This is quickly becoming my favorite Pet Shop Boys song. I'm not quite sure what it is about the composition, but it just works. Maybe because it manages to capture a really complex emotion.

I also had two characters of my characters basically tell me that this is their theme song. Insistently.

And sadly I've had lots of ideas, but haven't made much progress on said story. But it's better than being completely idea-less.
athenaltena: (writing)
So I think I've mentioned again that I finally started writing again after several months of nothing (meaning that once again my sleep schedule has been shot to Hell since my best ideas come at 1 in the morning), and appropriately enough I spent part of yesterday writing a scene I'd been bouncing around my head for a while involving a guy telling a story about something his adoptive father once did.

I won't give too much detail, but I will say that when I was done I read it again and realized that what the dad did is almost exactly like what the son does later in the story, only with the roles reversed. Even some of the same language to describe what's happening gets used. I swear that wasn't intentional, but when I reread it I had a 0_0 moment.

It also made me realize that I should add a scene where they talk about the fact that the situations were so similar and now get what was going through each other's heads.

I'm telling you, folks, I just write this thing.
athenaltena: (writing)
When I went to Dennis Lehane's talk last week he mentioned that he finds that he can only write really early in the morning, and that whenever he tries to do it during the day (or as he put it, 12-5) the results suck.

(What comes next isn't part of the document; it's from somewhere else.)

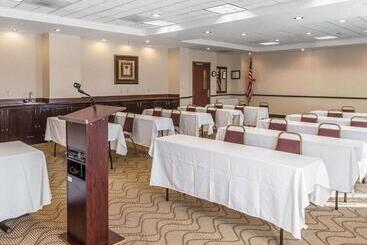 酒店 Comfort Inn Near Quantico Main Gate North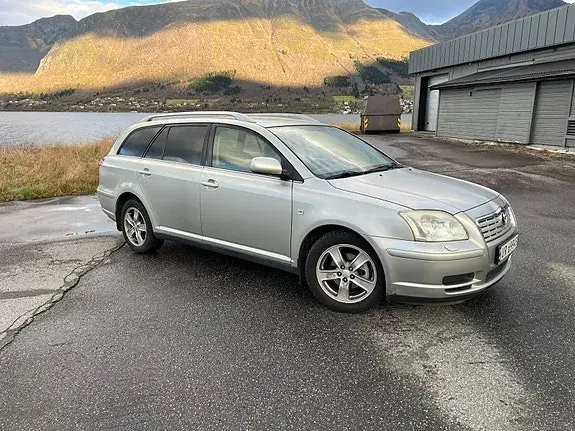 Toyota Avensis 2004 photo 3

He thinks it's that you still have to be in a semi-dream state for the creativity to work, and he doesn't know anyone who can write from 12-5 and have it be good. He said that he usually wakes up at six in the morning, writes for a bit, then plays with his daughter when she wakes up.

I believe it. I'm currently somewhat half asleep, and I'm bad in the sense that I sometimes jot down stuff in early morning classes. I got three pages of notes in my last class that I'll convert later.
athenaltena: (writing)
The problem with taking a 100 level course when I'm credit wise almost a senior is that I sometimes have to do stuff I already know because the assumption is I haven't learned it. Like write an outline for a paper and find sources, even though I could probably MLA cite something in my sleep, and in terms of academic papers and how I write them I almost never use notecards or outlines, both of which I have to hand in, so basically I have to do more work even though I know I don't need to, considering I consistently get As. *grumble*

And I'm within 1000 words of my NaNo goal. Not sure if I'll do it tonight, but this timing is good since I'm about to have to do a shit ton of school work. Luckily as managing to complete NaNo shows I can write pretty fast, so I'm pretty confident, it's just doing it on top of everything else that's a challenge.
athenaltena: (writing)
The good news? I'll probably hit my 50k for NaNoWriMo later today.

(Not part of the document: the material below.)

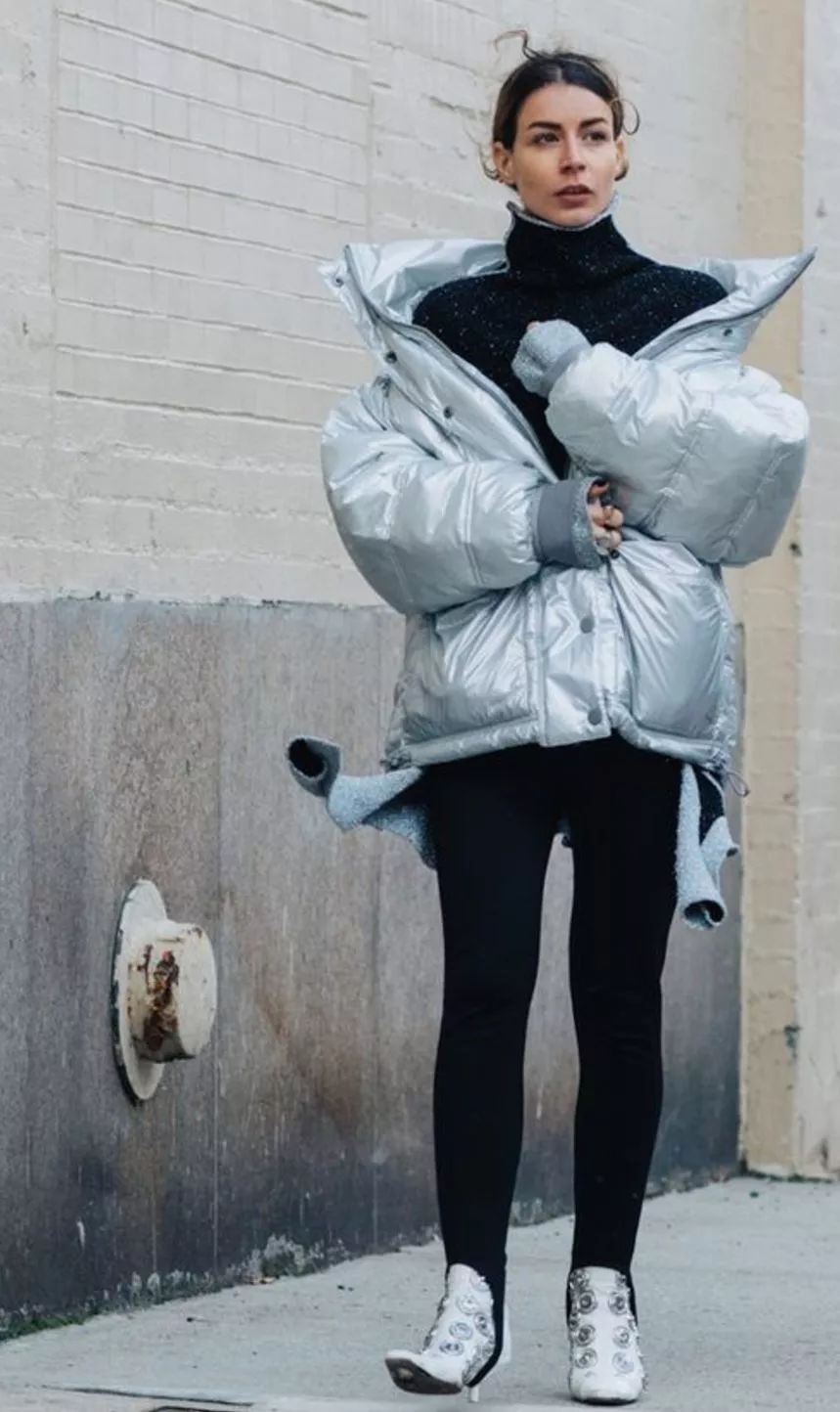 羽绒服有点黄怎么洗白,羽绒服又脏又油怎么洗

The bad news? I'm still not done with this story!!!


Oh well, I just have to write the climax now, and I had planned this section out ahead of time. This also means that the full story is going to wind up somewhere around 100k, if not more, by the time I'm done. And then I have to edit it. Oh joy.
athenaltena: (writing)
I suppose it's a good thing that when writing the villain all I can think is "Oh my God, that is wrong!" I'm getting chills just writing one part.

I also came up with a way to solve on problem I had with the villain and make them even more twisted. One problem with my original plan was that it fell into Bad Powers Bad People, which I wanted to avoid, but I came up with a way to solve it that makes the villain even more twisted.

Oh, and I hit 40k. *yay*
athenaltena: (shinra)
Darn it, why did I get an idea for a new story on day 21 of NaNoWriMo? So just for posterity I'll put this here to work on once I'm done with the current one (which I intend to finish this year since it's now year 2 of the same story):

Radcliffe, Massachusetts, a tiny town of 2000 people west of Worcester (aka the middle of nowhere) with no stores, no traffic lights and one streetlight. The perfect spot for a supervillain hideout. Or at least that’s what The Liberators thought before a precocious 8 year old found them and all hell broke loose.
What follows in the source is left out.